:: PROBLEM STATEMENT ::
Reproduce exactly, from the data that follows, the line with "Detection limit for", the line with "Insects 13 00598 g004 550", and every line that lies between them.

:: MATERIAL PROVIDED ::
- - - -

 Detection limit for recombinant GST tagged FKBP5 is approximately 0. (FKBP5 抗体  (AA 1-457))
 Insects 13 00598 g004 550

- - - -

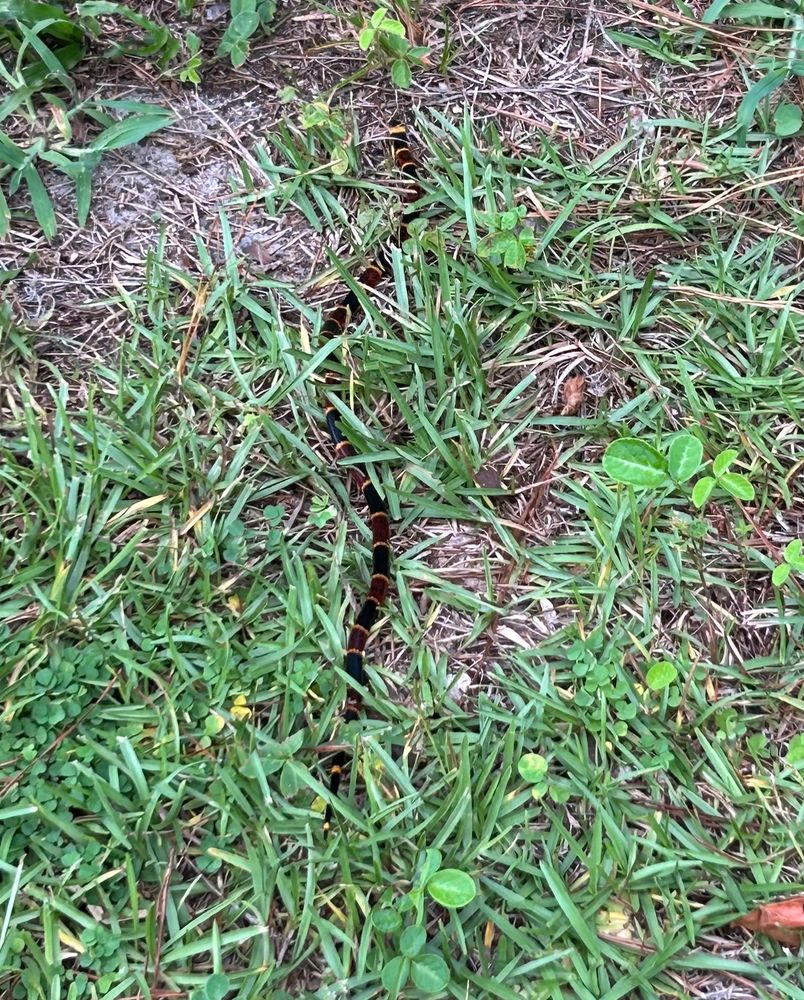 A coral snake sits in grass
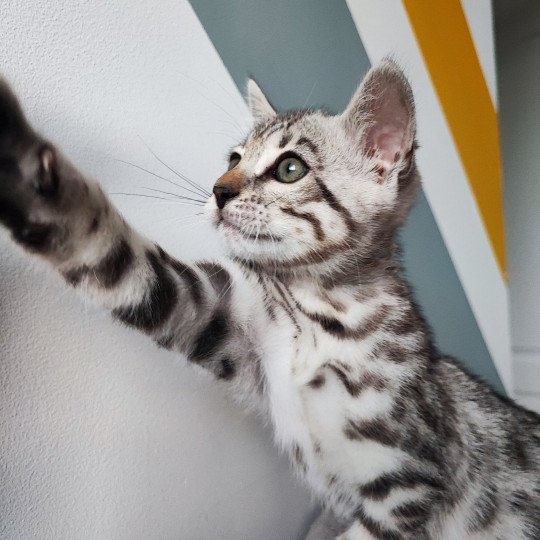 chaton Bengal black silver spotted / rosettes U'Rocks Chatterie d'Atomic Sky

- - - -

:: SOLUTION FOR THIS PROBLEM ::
 Detection limit for recombinant GST tagged FKBP5 is approximately 0. (FKBP5 抗体  (AA 1-457))
 Insects 13 00598 g004 550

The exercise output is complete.